Kha's father is named Iuy in Kha's Book of the Dead. It has been suggested that Kha came from a modest background and rose to his position on the basis of personal merit.

Kha was active at Deir el-Medina, the settlement of the workforce employed on the royal tombs, and worked in the Valley of the Kings during the reigns of three pharaohs, Amenhotep II, Thutmose IV and Amenhotep III. His duties were primarily supervisory: he oversaw the construction of royal tombs and led the crew responsible for their construction and decoration. Surviving lists record crews of 26–30 men during the reign of Amenhotep II and about 44 during the reign of Amenhotep III; in one list Kha's personal mark appears first, probably because he was the foreman.

Kha and Neferhebef were contemporaries and held the same position in the direction of works. It has been suggested that they jointly directed the workforce, but there is no evidence that the crew was then divided into two groups, as occurred in the Ramesside period. Neferhebef and his wife Tayunes are depicted in Kha's funerary chapel, while Neferhebef's name also occurs on objects from the TT8 burial assemblage. A progression from "overseer of works in the Great Place" to "chief in the Great Place" has also been proposed, but there is no explicit evidence for such a hierarchy and the two titles may have been interchangeable. The title "royal scribe" is attested only on two decorated canes from Kha's tomb (Suppl. 8417 and 8418/01); Laboury noted that these objects may instead have been gifts from a namesake colleague who held that title, so its attribution to Kha is uncertain.
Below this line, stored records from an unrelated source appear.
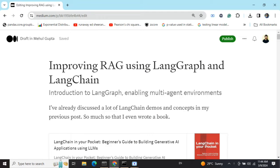Today we will be talking about how you can improve your RAG results using LangGraph and LangChain. LangGraph is a new extension of LangChain which supports cyclic graphs. By improving RAG, we mean that we want to have an answer that meets a particular quality check, and until that check is not met, we would be doing RAG again and again internally so that we finally get an answer that meets our criteria.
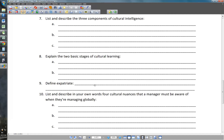Number seven: list and describe the three components of cultural intelligence. The first is cognitive — the thinking part. The second is emotional — being emotionally stable during a global experience. The third is physical — dealing with the environment, housing, customs, and language barriers.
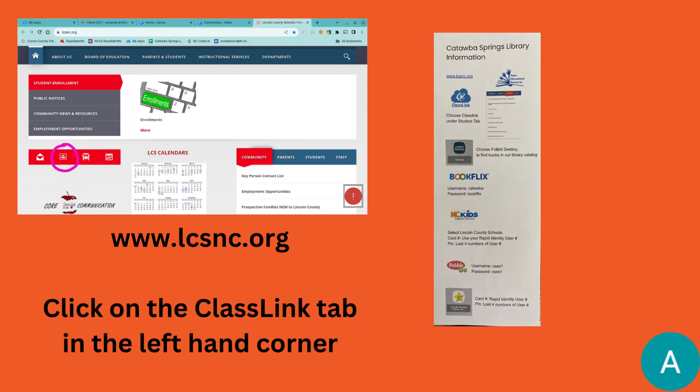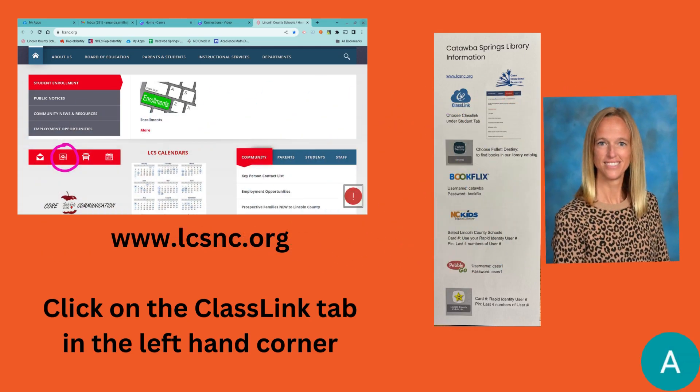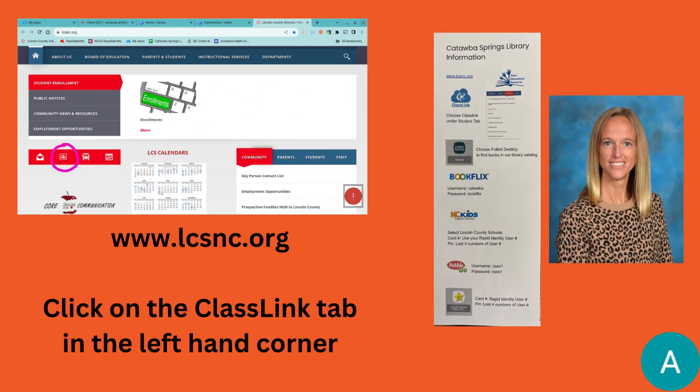If you are a student at Catawba Springs Elementary, we are fortunate that we have our media coordinator, Ms. Webb, who has gone ahead and printed out a cheat sheet with all of this information. Most of us teachers have left it in your student's planner. If you are also looking to access ClassLink, you can use your QuickCard, which is a small card with a QR code that students can hold up to the camera and log in quickly to their ClassLink. If your child does not have a QuickCard, you can reach out to your child's teacher for their username and password, which they can enter in manually.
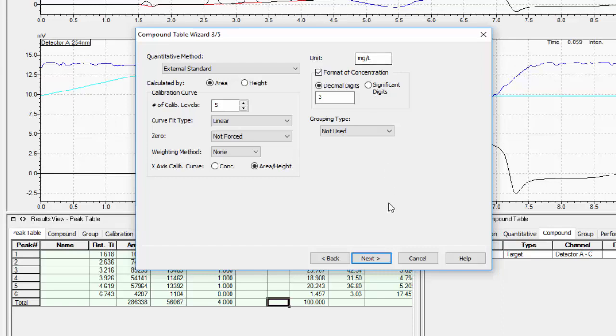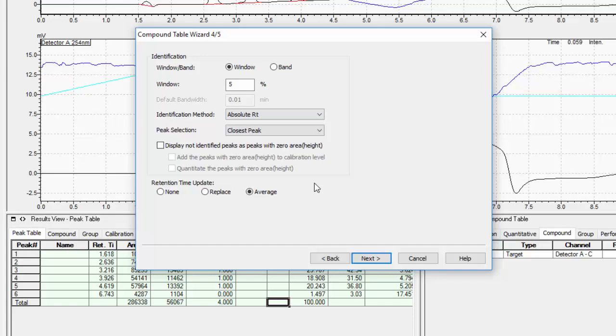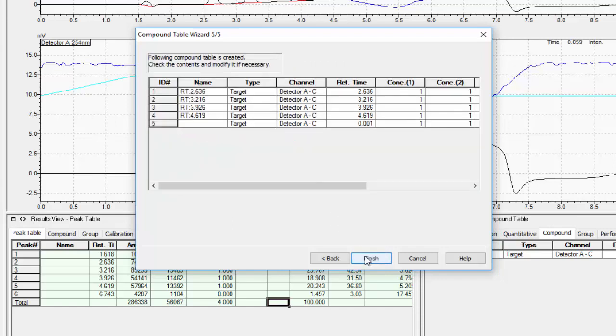Once you click next again, you will have an opportunity to adjust the identification criteria for the peaks. This is basically the wiggle room you are granting the software when identifying your selected peaks at that time. If your chromatography is slightly shifting from run to run, you may need to widen these values in order for the software to identify your peaks of interest. Generally speaking, our advice is for you to leave these values at their default level. Any shifting in peaks represents a challenge or problem in your chromatography method, and you should not compensate for that with software unless absolutely necessary.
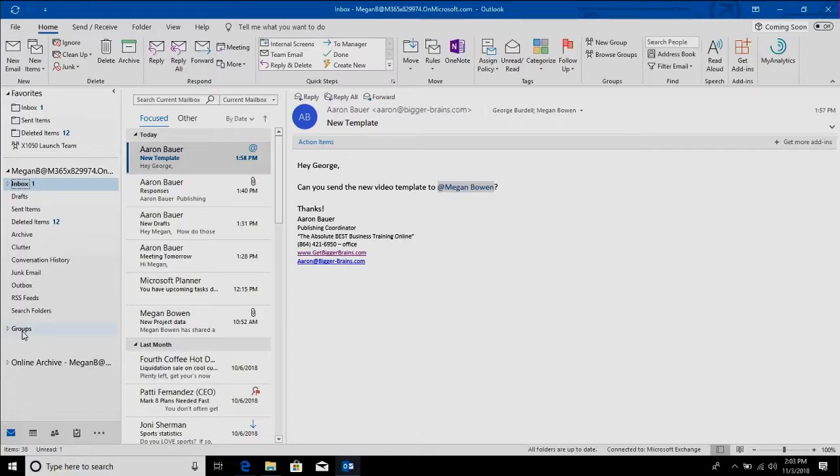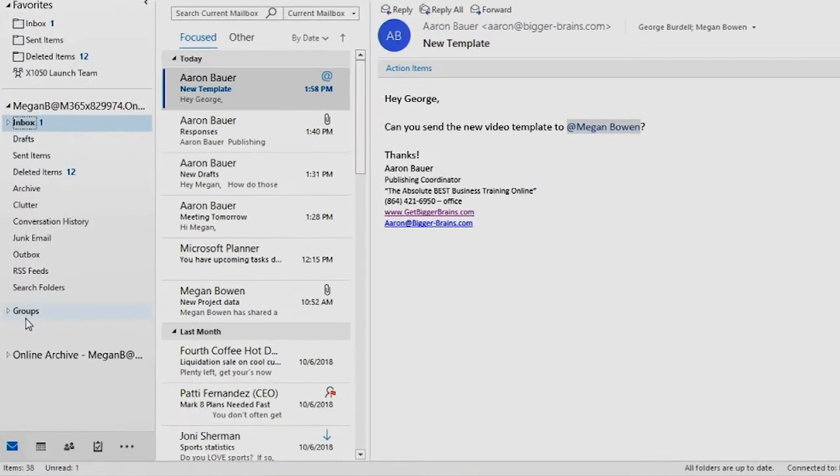Something I'm noticing, I want to know more about is the group section down here. What's that? So that's a feature now in Office 365 where you can set up groups and once you join them you'll see the conversations.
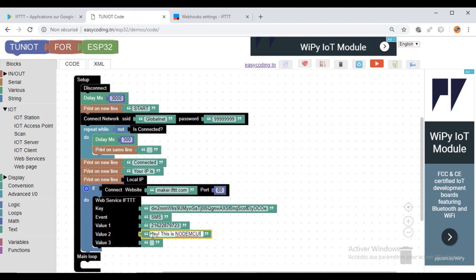Now, you can upload the program and check your phone. Don't forget to open the IFTTT app even in the background. I hope that you liked the video and see you soon. Bye.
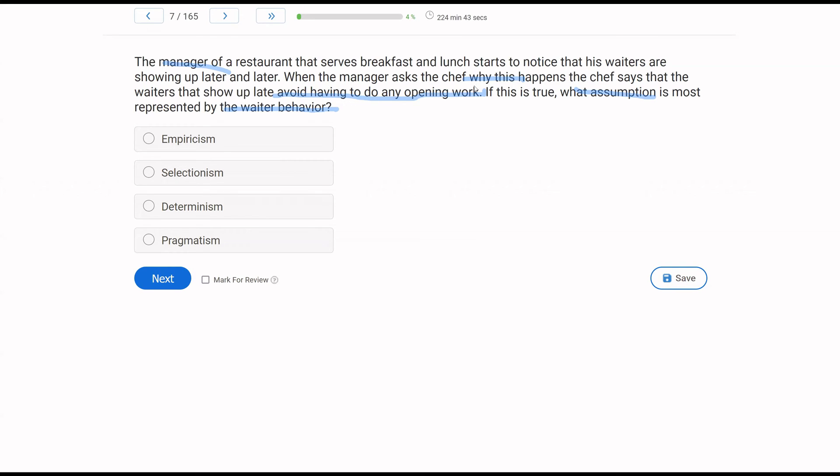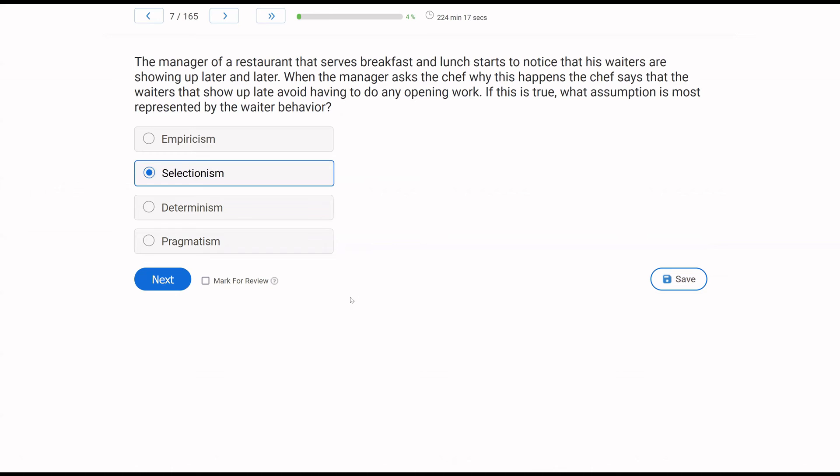Determinism. Well, the chef is being deterministic, right? Behavior is happening for a reason, but we're not looking at the chef's behavior. We're looking at the waiter's. And the waiter's behavior is maintained by these consequences. And then pragmatism is using our available information to make the best decision, the most rational decision. We're not looking at pragmatic behavior here. We're simply looking at waiter behavior, which is maintained and selected by consequences. The assumption here is selectionism.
Kha and Merit had three children: Amenemopet, Nakhteftaneb and a daughter also named Merit. Amenemopet bore the title "Servant in the Royal Necropolis", while nothing is known about Nakhteftaneb's career; their sister Merit was a chantress of Amun. All three children survived their mother. Merit died before her husband. The dimensions of the anthropoid coffin in which she was buried, together with funerary texts naming Kha, suggest that it may originally have been prepared for Kha and subsequently used for Merit. Empty spaces around her body were filled with linen bearing Kha's name.

Kha died during the reign of Amenhotep III, between the ages of 50 and 60. He was buried wearing a gold-disc shebyu collar, part of the "Gold of Honour" awarded by the king to distinguished officials; other jewellery also remained beneath the wrappings.

=== Medical condition ===
His skeleton shows spondylosis, a degenerative condition of the spinal column, with osteophytes in the lumbar region; mild degenerative changes are also visible in the knees, and an enthesopathy is present at the insertion of the right triceps brachii. During life he had lost almost all of his upper premolars and molars, as well as several lower teeth, greatly reducing his ability to chew; no injuries attributable to fatal trauma were identified, and the cause of death remains unknown.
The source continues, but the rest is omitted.